Rinsho Shinkeigaku (Clinical Neurology)

The 51st Annual Meeting of the Japanese Society of Neurology

Transcranial magnetic stimulation (TMS) in clinical neurology

Hideyuki Matsumoto, M.D.1) and Yoshikazu Ugawa, M.D.2)

1)Department of Neurology, Japanese Red Cross Medical Center
2)Department of Neurology, School of Medicine, Fukushima Medical University

To date, various kinds of transcranial magnetic stimulation (TMS) methods have been widely used in clinical neurology. For the clinical examination, single-pulse TMS is generally used, whereas, for the future therapy, repetitive TMS (rTMS) is widely researched. To evaluate the function of corticospinal tract, central motor conduction time (CMCT) is measured using single-pulse TMS. For precise analyses, single-pulse and double-pulse magnetic brainstem stimulation are performed to measure the cortical-brainstem conduction time and brainstemspinal conduction time.
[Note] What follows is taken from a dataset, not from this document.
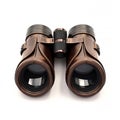 Vintage brass binoculars with leather accents and a textured grip Royalty Free Stock Photo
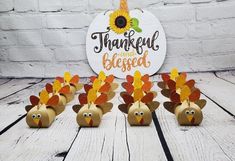 thanksgiving turkeys made out of toilet paper are sitting in front of a white brick wall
To evaluate corticospinal tract function for leg muscles, cortico-conus motor conduction time (CCCT) is considered to be more accurate than CMCT. Magnetic cerebellar stimulation is effective to distinguish the cerebellar afferent pathway dysfunction from cerebellar efferent or cerebellar cortical dysfunctions. In animal research, rTMS releases the dopamine in monkey's brain and induces functional changes lasting over one week. In fact, as compared to sham-rTMS, high-frequency rTMS (5 Hz) over the supplementary motor area has been shown to be significantly effective in the patients with Parkinson's disease. A new patterned rTMS protocol, quadripulse stimulation (QPS), can produce a bidirectional motor cortical plasticity depending on the interval of the pulses within a burst. rTMS including QPS might relieve symptoms in patients with neurological and psychiatric disorders.
Full Text of this Article in Japanese PDF (523K)

(CLINICA NEUROL, 50: 803|807, 2010)
key words: transcranial magnetic stimulation (TMS), corticospinal tract, cerebellum, repetitive TMS (rTMS)

(Received: 20-May-10)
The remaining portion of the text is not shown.